Without the bill, the tax would drop back down to 28 cents a pack on July 1. The current national average is 84 cents a pack, and Idaho’s current 57 cents is the lowest cigarette tax among neighboring states.
The bill passed on a 45-25 vote, with three Panhandle lawmakers joining the dissenters. They were Reps. Eric Anderson, R-Priest Lake; Phil Hart, R-Athol; and Dick Harwood, R-St. Maries.
“I promised on the campaign trail that I would do what the previous Legislature promised,” Anderson told the House. “It’s a conflict … promising on the one hand and lying on the other.”
Rep. Ken Andrus, R-Lava Hot Springs, said, “Yes we need the money … but I don’t have a lot of faith in our success if we compromise our honor and integrity.”
Two years ago, in a last-minute compromise at the end of the longest legislative session in history, lawmakers voted to raise the cigarette tax just for two years. That vote came as they also agreed to raise Idaho’s sales tax from 5 percent to 6 percent for two years. The sales tax increase is being allowed to expire as scheduled on July 1.
Rep. Lenore Barrett, R-Challis, said, “If you can justify keeping this tax on cigarettes, you can also justify keeping the sales tax.”
But other lawmakers disagreed. Rep. Mike Mitchell, D-Lewiston, said, “We didn’t know two years ago when we did that what we would face as far as the drought. There’s a lot of things that change in two years’ time.” The real issue, he said, is, “What does the state need now?”
Rep. George Sayler, D-Coeur d’Alene, said his primary campaign promise was to “seek proper funding for education. I believe that was the primary reason that I won.”
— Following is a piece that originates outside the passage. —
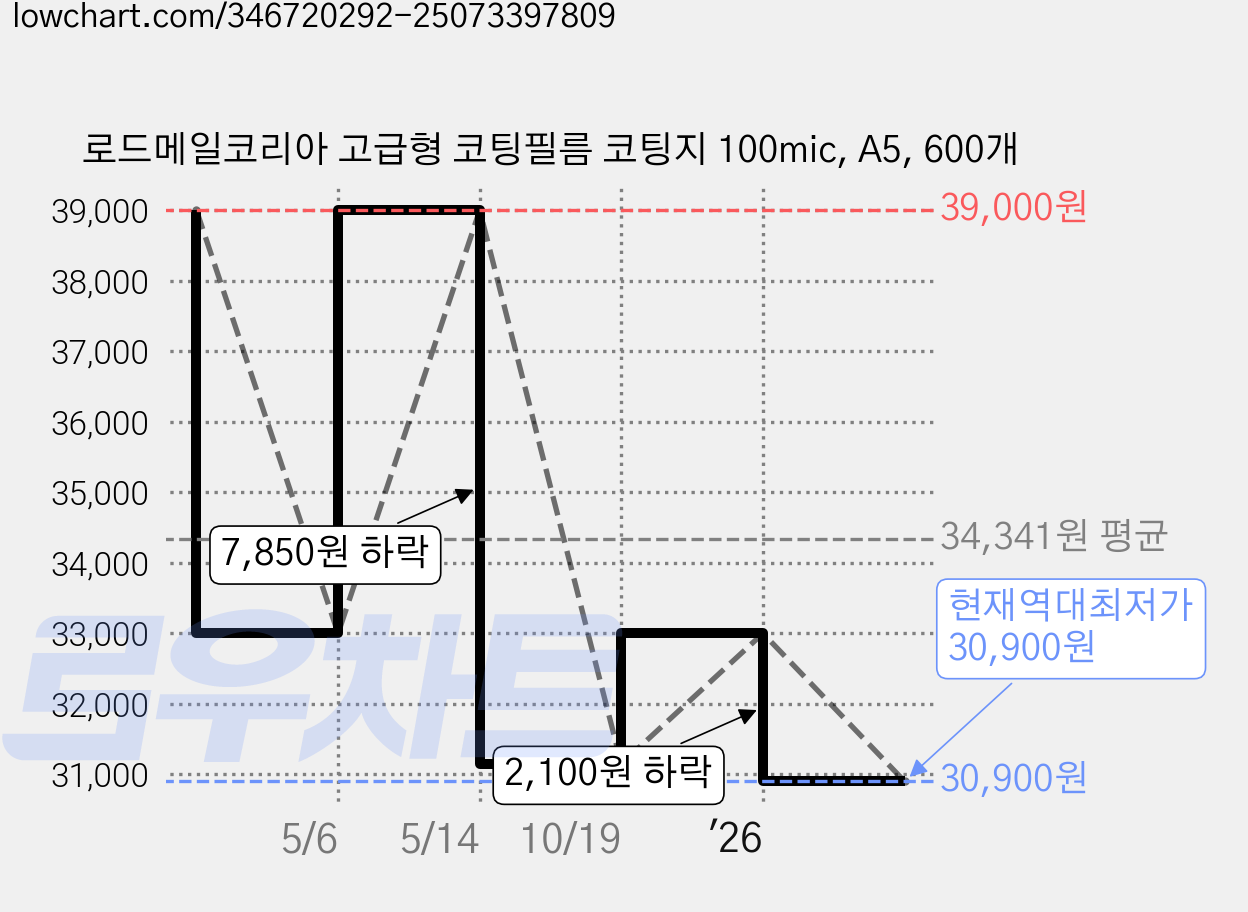 로드메일코리아 고급형 코팅필름 코팅지 100mic, A5, 600개 가격 변동 차트, 현재가 30,900원, 역대최저가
Sayler said that’s why he supported the increased cigarette tax two years ago, and he’d have supported making it permanent from the start. “I believe we need the funding, it cuts down smoking and it reduces health care costs,” Sayler said.
Rep. Jim Clark, R-Hayden Lake, the sponsor of HB 386, noted that the bill only extends the tax for two more years. “Our promise is still alive,” he said.
He also noted that the tax would allow Idaho to meet cash-flow obligations for a multimillion-dollar southern Idaho water settlement and also fund North Idaho water projects. “The emergency, obviously, is water,” he said.
Some representatives said they opposed the bill because it didn’t also try to impose Idaho’s cigarette tax on Indian reservation sales. “If you have a tribal situation in your district, you know that when the tax increases in the state of Idaho, it drives more business onto the tribes,” Rep. Ken Roberts, R-Donnelly, told the House.
But Clark said, “Trying to tax the tribes – you can’t do it constitutionally. Even a nonlawyer would knock that down.”
The bill now moves to the Senate, where plans are in the works to amend it – possibly to make it permanent, and possibly to make other changes.